Once again, I was confronted with multiple options to complete a task. And once again, I took the old-fashioned route mainly for the sake of accuracy versus speed.
Here’s the case: The top and bottom need to grooves to receive the floating panels that are held within the rails. The groves are only 1/8″ back from the front edge of the top and bottom pieces. That is a very narrow margin of wood. I could have used my router table with a 1/8″ dado bit, then set up the stop blocks, then run a bunch of tests, but I was really afraid that the end grain would blow out on the short sides. And what if something went wrong? I’d have to go back and remake an entire piece.

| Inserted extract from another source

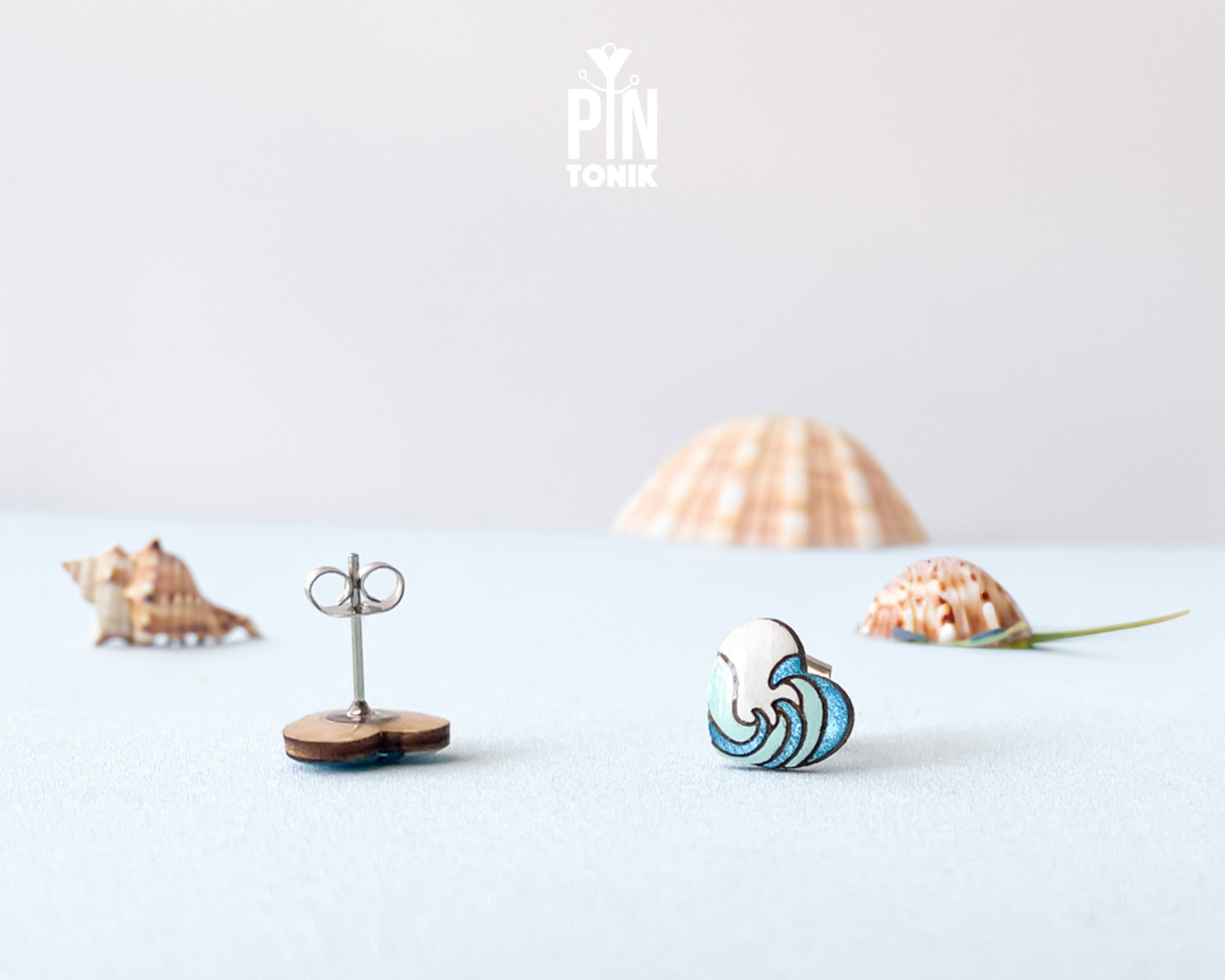 Ocean Wave Heart Studs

Therefore, I decided that I should approach this with careful use of hand tools.
The steps were really quite simple. First, I used a marking gauge to score the wood for the outside and inside diameter. Then I went back over those lines with my marking knife to cut more of the fibers. Next, I used a wide chisel to further deepen the scoring cuts. Now, using a 1/8″ chisel that is shaped like a mortising chisel, I notched in numerous vertical deep cuts within the lines. All I had to do next was to hold the 1/8″ chisel at a 45 degree angle and push out the waste.
I have seen Roy Underhill do this many times on the Wood Wright Shop. And it all worked out quite easily. The grooves only had to be 1/8″ deep so it did not take too long to make the grooves for the top and the bottom. I wish I would have had a 1/8″ blade for my router plane, that would had made the operation much faster. I do have a plow plane, but I need a lot more practice with that plane. I am still not very good with it yet.